La notion d’éthique avait déjà été abordée au cours des années 1990 lors de rencontres informelles entre des spécialistes de l’intelligence économique et des ONG. Lors d’une réunion organisée avec une vingtaine de personnes du staff de l’ONG Médecins du Monde, Christian Harbulot et Eric Dénécé avaient soulevé la question délicate des ONG manipulées par des structures étatiques de renseignement : « que feriez-vous si vous étiez témoins de ce genre de manipulation dans une zone d’intervention ? » La réponse donnée à l’époque a été: « nous ne disons rien, ce n’est pas notre histoire ». Cette tendance à l’omerta ouvrait déjà la voie à une certaine forme de renoncement devant les risques de dérive d’acteurs du monde humanitaire. La question s’est posée à nouveau sous une autre forme lorsque l’ONG Greenpeace a fabriqué un dossier d’accusation lors du débat sur le coulage de la plateforme pétrolière Brenspar gérée par le groupe Shell. Une enquête menée par le bureau Véritas démontra que Greenpeace avait utilisé des arguments infondés à propos des risques de pollution. Greenpeace formula des excuses publiques au groupe pétrolier Shell qui avait été déstabilisé par les retombées de la campagne de protestation menée notamment en Allemagne par des militants de Greenpeace (boycott des stations d’essence de Shell, certaines furent incendiées par des manifestants). L’omerta et la publication de thèses scientifiques trompeuses étaient donc les deux premiers types d’entorse à l’éthique du combat des activistes. La manipulation du rapport sur le gaz de schiste a permis de révéler la manière dont fonctionne une dérive encore plus inquiétante.

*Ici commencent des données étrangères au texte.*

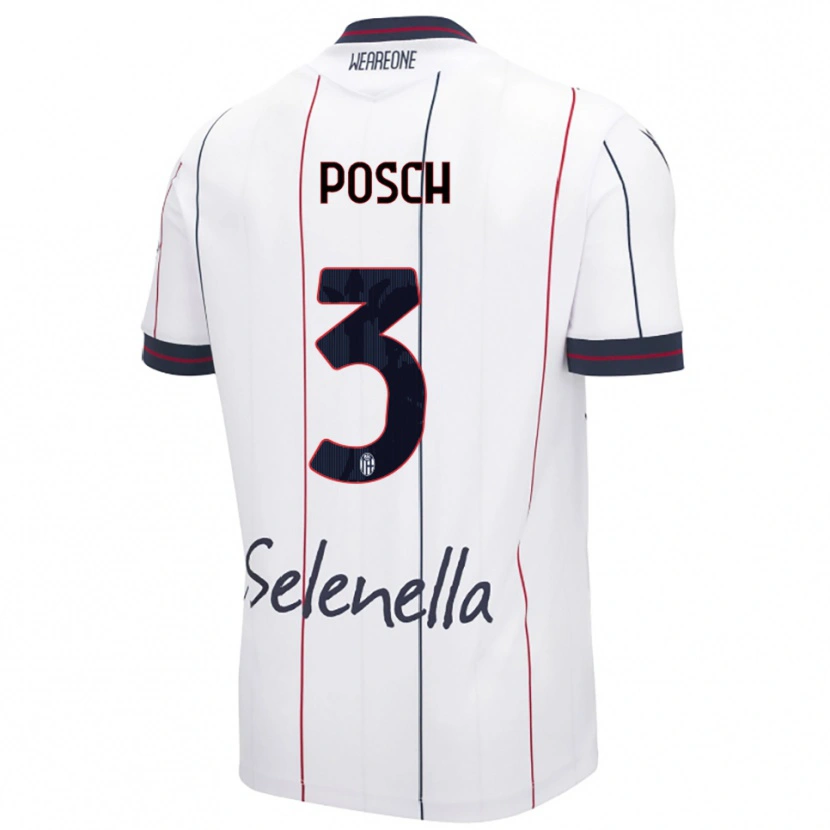 Danxen Dzieci Stefan Posch #3 Biały Królewski Niebieski Wyjazdowa Koszulka 2025/26 Koszulki Klubowe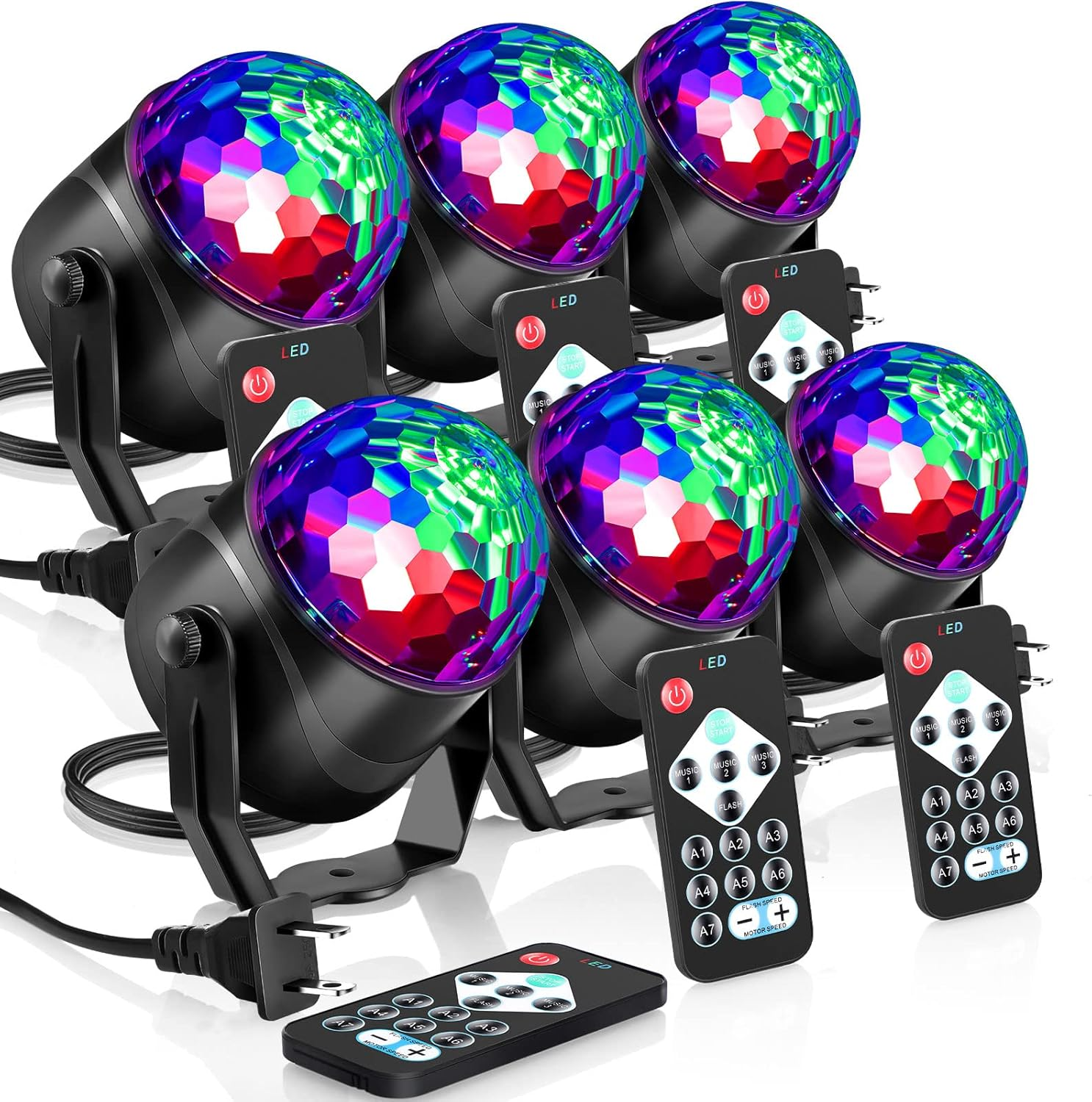 6 Pack Disco Ball Party Lights RGB DJ Strobe Light Lamp, 7 Modes Sound Activated Stage Light with Remote Control Plug in for Home Room Birthday Dance Parties Karaoke Bar Club Pub Wedding Show Xmas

L’omerta est une attitude passive, la tromperie par des éléments de langage peut être due à une erreur ou au non professionnalisme des détracteurs. En revanche, la construction d’une campagne d’opinion fondée sur la mauvaise foi ouvre la porte à des dérives identiques à celles que Christian Salmon dénonce à propos du ‘fort’. Les activistes prêts à tout pour se faire entendre bénéficient de la complicité tacite d’observateurs opportunistes qui se nourrissent de leur démarche. Ils jouent sur la vitesse de propagation de l’information et la difficulté des médias à recouper sa véracité. Dans l’affaire du soi-disant rapport confidentiel sur la manière de contrer les opposants à l’exploitation du gaz de schiste, il est heureux que le journaliste de l’AFP ait pris soin de vérifier chaque élément du dossier avant de rédiger une dépêche. Des dérapages volontaires pour instrumentaliser du faux sensationnel afin de créer le buzz est désormais un risque récurrent à prendre compte.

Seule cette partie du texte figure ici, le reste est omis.